La Lettre | Processus Corse-État : L’Élysée passe à la vitesse supérieure

La Lettre | Processus Corse-État : L’Élysée passe à la vitesse supérieure

Le Président de la République a pris tout le monde de court en s’invitant le 24 février à la reprise du dialogue pour annoncer que la Corse sera dans son projet de réforme constitutionnelle présenté à la rentrée. On passe du marathon au sprint.

S’il existait une météorologie de la politique, nous saurions peut-être la raison pour laquelle à chaque mois de février qui suit son élection à la présidence de la République, Emmanuel Macron se penche au chevet de la Corse pour lui souhaiter le prompt rétablissement de sa santé économique et sociale avec, pour principal remède, une évolution institutionnelle. Lors de sa première visite officielle, au mois de février 2018, le chef de l’État mettait plusieurs voeux dans le même panier dont celui de « l’accomplissement et l’émancipation de la Corse au sein de la République, une Corse plus forte, plus rayonnante, à la hauteur de ses spécificités. » 

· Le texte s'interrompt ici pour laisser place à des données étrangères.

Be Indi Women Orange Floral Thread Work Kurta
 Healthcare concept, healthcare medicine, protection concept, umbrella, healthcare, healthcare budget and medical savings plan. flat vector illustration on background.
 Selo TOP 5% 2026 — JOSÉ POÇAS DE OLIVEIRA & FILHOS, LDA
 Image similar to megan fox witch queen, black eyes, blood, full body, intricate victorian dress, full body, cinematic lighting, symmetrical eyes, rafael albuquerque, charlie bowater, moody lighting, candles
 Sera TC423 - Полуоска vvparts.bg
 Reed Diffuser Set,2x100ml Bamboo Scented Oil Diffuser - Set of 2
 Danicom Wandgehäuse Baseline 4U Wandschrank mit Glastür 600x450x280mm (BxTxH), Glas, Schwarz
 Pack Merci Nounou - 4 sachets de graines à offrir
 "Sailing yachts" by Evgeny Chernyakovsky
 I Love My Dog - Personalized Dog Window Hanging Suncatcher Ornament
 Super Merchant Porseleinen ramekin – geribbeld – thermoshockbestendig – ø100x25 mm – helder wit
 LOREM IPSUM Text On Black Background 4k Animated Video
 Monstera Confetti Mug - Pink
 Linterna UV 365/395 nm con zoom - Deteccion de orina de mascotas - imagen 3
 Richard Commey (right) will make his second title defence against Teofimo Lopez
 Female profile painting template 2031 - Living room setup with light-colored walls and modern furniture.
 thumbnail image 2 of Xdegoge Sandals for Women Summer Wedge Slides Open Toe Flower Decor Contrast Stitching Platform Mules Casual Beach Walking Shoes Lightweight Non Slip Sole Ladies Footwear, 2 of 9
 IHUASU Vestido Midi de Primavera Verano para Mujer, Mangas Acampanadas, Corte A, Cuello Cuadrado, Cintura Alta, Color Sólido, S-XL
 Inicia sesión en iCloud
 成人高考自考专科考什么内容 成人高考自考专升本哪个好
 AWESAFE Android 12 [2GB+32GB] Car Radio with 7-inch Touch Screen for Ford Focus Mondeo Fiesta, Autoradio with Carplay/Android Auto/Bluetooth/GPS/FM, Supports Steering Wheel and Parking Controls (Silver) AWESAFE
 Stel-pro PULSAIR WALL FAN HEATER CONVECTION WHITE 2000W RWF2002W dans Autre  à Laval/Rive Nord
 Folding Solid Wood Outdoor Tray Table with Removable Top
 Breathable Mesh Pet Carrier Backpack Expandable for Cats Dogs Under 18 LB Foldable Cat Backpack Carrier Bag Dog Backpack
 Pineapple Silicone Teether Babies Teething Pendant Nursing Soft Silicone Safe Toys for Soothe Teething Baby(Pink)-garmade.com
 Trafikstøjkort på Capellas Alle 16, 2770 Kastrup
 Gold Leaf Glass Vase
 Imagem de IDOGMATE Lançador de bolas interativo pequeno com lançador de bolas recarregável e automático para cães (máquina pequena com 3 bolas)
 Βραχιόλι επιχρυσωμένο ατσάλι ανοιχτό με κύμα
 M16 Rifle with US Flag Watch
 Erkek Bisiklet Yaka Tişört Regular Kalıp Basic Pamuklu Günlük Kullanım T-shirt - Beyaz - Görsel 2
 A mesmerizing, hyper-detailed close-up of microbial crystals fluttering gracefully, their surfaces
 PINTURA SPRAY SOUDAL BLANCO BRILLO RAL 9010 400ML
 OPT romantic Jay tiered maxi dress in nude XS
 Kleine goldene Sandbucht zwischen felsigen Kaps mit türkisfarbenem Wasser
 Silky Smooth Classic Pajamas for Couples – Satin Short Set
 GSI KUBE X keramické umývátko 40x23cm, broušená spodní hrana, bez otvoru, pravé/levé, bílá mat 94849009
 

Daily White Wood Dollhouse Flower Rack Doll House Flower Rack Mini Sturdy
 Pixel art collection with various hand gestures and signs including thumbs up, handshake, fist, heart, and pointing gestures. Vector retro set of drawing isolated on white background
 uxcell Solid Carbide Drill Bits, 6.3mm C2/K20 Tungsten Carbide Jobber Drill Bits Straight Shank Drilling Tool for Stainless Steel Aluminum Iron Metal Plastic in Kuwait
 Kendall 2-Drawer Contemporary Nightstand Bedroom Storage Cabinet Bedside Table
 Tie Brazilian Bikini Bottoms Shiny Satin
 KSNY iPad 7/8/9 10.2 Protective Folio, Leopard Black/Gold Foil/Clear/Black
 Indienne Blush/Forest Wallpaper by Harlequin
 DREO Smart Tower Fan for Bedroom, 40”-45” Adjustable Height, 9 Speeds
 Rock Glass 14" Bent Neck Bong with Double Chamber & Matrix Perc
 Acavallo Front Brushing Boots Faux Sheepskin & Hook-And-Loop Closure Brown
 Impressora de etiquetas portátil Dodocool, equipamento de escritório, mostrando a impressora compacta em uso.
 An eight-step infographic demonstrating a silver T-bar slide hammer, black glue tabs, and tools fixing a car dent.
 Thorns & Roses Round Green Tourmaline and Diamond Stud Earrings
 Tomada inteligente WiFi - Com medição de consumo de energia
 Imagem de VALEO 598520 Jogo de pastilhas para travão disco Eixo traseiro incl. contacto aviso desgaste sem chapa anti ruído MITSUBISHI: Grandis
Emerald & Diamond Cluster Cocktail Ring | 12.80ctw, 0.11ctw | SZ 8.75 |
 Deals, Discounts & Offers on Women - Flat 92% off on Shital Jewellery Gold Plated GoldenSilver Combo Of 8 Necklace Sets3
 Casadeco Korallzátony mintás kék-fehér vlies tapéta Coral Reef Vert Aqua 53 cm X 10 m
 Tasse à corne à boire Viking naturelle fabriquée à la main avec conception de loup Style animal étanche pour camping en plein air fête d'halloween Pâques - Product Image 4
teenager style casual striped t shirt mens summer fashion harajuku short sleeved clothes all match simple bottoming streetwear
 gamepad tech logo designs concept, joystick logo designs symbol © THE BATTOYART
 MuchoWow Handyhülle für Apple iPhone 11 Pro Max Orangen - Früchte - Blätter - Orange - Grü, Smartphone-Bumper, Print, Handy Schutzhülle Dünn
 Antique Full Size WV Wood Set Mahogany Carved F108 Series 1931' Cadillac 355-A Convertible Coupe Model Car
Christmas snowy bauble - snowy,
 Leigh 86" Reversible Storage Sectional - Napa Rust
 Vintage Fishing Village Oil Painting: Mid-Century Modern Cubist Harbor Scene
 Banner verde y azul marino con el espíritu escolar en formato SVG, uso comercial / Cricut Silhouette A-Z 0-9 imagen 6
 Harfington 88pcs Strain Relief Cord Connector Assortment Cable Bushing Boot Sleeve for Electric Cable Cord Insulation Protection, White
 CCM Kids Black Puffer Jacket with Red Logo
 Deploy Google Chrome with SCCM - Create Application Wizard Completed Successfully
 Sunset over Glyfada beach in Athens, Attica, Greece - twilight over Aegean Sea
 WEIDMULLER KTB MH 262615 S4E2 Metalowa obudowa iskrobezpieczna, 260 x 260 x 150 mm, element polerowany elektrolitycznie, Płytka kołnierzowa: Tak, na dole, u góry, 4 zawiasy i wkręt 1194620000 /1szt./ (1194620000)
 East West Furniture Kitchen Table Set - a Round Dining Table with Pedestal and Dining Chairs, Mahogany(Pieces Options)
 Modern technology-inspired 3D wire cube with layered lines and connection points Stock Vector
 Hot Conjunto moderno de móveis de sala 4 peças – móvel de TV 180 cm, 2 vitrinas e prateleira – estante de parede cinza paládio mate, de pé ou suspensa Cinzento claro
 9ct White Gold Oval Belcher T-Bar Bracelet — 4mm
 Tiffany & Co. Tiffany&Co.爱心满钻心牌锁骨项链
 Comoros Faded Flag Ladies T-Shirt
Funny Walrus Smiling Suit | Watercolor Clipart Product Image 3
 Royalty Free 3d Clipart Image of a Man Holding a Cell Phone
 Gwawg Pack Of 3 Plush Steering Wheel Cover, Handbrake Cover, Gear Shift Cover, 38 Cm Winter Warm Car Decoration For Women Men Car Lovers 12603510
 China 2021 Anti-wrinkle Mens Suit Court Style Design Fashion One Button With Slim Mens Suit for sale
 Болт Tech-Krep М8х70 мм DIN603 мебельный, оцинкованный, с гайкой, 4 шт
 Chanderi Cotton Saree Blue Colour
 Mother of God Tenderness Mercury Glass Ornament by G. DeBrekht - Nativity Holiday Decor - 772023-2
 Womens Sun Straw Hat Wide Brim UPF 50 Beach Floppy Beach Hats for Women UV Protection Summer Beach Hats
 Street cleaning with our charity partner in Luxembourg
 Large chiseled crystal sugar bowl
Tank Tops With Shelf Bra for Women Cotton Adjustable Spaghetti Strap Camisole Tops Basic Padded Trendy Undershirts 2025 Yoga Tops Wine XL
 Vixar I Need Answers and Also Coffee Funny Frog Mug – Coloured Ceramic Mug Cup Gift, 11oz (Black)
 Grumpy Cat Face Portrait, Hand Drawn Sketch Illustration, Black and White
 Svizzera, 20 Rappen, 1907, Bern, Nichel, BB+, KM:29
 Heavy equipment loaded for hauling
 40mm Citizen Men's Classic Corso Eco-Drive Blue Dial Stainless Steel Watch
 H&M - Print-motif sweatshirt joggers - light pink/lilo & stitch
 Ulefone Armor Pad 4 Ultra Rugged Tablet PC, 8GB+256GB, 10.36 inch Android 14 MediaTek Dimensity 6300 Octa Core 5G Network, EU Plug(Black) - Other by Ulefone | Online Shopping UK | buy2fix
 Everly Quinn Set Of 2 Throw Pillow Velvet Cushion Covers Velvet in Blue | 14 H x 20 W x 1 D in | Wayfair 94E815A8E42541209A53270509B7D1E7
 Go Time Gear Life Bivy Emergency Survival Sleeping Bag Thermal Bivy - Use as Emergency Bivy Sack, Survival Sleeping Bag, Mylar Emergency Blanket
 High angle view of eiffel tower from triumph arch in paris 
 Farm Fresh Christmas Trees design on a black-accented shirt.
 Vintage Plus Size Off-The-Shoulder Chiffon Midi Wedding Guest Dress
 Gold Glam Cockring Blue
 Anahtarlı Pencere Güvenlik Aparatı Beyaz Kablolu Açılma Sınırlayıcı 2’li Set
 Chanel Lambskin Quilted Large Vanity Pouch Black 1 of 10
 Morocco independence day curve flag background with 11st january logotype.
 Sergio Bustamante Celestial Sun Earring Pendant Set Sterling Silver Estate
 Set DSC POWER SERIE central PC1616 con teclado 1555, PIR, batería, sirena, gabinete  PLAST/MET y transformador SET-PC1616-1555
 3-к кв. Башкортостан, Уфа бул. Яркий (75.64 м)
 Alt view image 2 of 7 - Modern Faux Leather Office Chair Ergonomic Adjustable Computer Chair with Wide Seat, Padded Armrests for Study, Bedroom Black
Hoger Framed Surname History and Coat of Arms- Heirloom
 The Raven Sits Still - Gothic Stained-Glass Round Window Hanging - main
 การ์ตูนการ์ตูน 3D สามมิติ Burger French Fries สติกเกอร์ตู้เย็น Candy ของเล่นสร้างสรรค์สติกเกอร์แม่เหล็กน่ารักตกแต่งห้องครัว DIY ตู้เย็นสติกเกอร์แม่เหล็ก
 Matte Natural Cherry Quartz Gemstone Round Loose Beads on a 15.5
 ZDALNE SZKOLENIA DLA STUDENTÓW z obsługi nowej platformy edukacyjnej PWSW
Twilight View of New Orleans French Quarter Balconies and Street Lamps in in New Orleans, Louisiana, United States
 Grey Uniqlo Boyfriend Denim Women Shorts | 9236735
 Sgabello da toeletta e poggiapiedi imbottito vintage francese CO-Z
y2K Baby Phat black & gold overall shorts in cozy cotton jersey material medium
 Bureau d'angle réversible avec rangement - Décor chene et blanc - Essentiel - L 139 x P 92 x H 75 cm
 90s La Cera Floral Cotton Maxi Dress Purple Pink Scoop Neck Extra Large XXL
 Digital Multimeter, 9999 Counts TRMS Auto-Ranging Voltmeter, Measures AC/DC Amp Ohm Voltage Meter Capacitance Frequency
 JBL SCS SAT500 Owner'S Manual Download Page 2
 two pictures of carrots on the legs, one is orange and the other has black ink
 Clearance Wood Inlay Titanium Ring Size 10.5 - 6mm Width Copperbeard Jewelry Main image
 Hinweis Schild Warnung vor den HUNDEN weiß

Déjà à l’époque, à la tribune de l’auditorium bastiais de l’Alb’Oru, une phrase avait fait sensation car elle instillait des mots doux aux oreilles de la majorité nationaliste : « J’ai entendu la demande d’une autonomie reconnue dans la République. Ce souhait que la Corse soit mentionnée dans la Constitution, j’y suis favorable car je le prends comme une marque de confiance. » On connaît la suite. Le projet de révision constitutionnelle s’est dégonflé comme une baudruche sous le coup d’épingle du Sénat et depuis, les relations entre la Corse et Paris ressemblent à des montagnes russes. Jusqu’à ce que, cinq ans plus tard, presque jour pour jour, le président de la République s’invite contre toute attente Place Beauvau à la faveur de la reprise du dialogue avec Gérald Darmanin, son « Monsieur Corse », pour remettre sur le métier l’ouvrage loin d’être cousu de fil blanc, le statut d’autonomie de la Corse…

« DES MESURES JUSTES, SIMPLES, EFFICACES »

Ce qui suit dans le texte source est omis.